The third and final phase, the demolition of the complex’s main campus, is slated to be complete by October 2024.

Health Commissioner Justa Encarnacion noted that the demolition demonstrates the department’s continued commitment to rebuilding the territory’s public health infrastructure.

“This forward progression is the result of a dedicated project management team working daily with key agencies such as the Office of Disaster Recovery and the VI Department of Public Works, and our vendors, to keep each of our disaster recovery projects on track,” Ms. Encarnacion said. “And most importantly, we could not do it without the community’s support. We are truly grateful to the St. Croix community, especially the neighboring Richmond residents, the Juanita Gardine School family, and nearby businesses for their patience and understanding throughout this process.”

“This is all part of Governor Albert Bryan Jr’s ‘Rebuild USVI’ plan to expedite the timeline of the disaster recovery effort,” she added.
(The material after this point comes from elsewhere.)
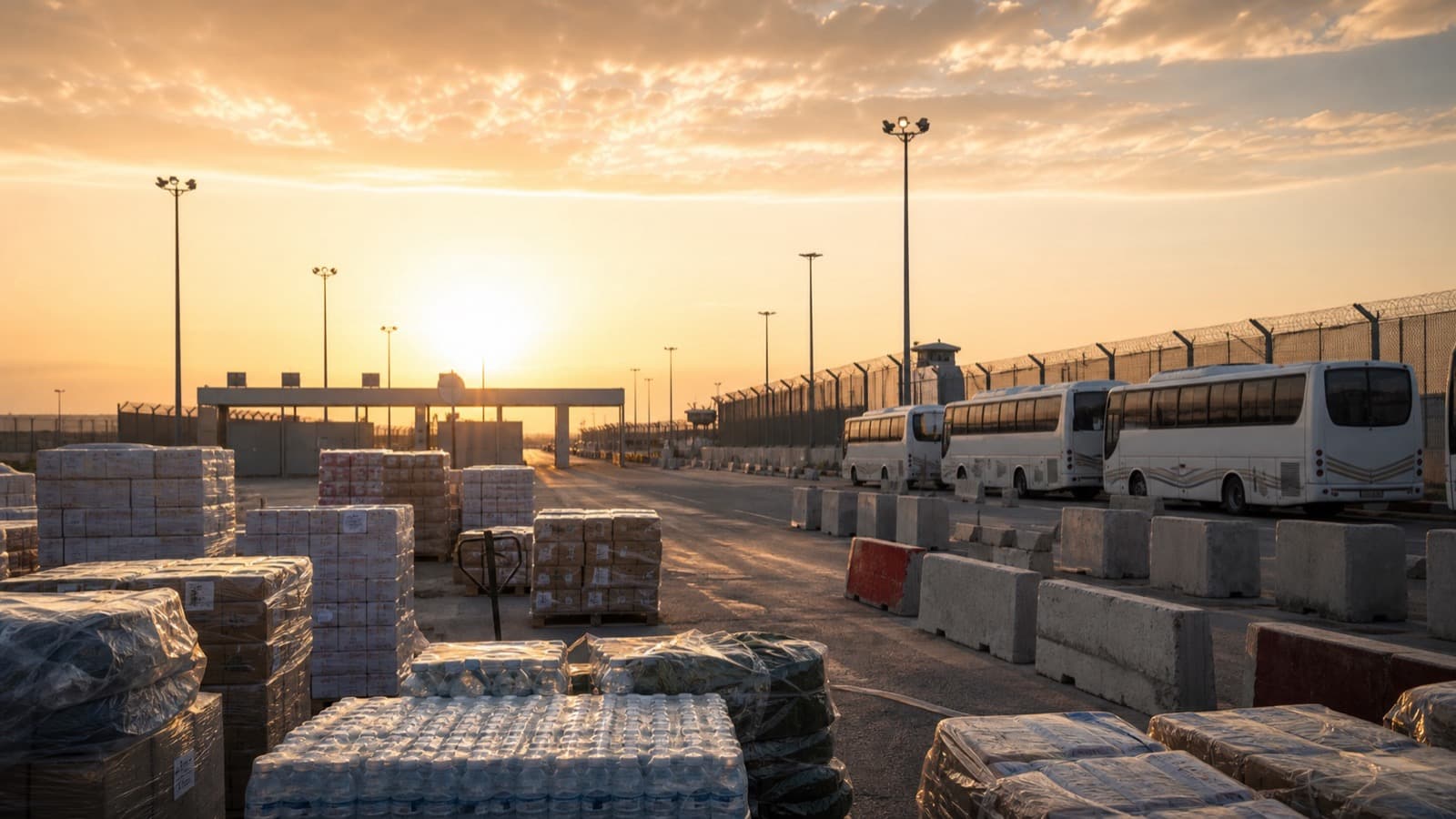 מבקר מאשים: ממשלת ישראל מסייעת לחמאס באמצעות משאיות הסיוע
On Thursday, DOH was joined by representatives of the VI Office of Disaster Recovery, the VI Department of Public Works, VITEMA, Witt O’Brien, The Strategy Group, and FLAD Architect.

The Charles Harwood Memorial Complex was severely damaged in the 2017 hurricanes and was one of the first projects deemed replaceable by the Federal Emergency Management Agency (FEMA). FEMA awarded the territory $291 million for the reconstruction of the complex, which will be built to current national construction codes and standards. DOH spent several months working through the local approval processes, including a historic preservation review.

Upon reconstruction, the facility will be officially renamed for St. Croix physician and former VI Delegate to Congress, Dr. Donna Christian Christensen.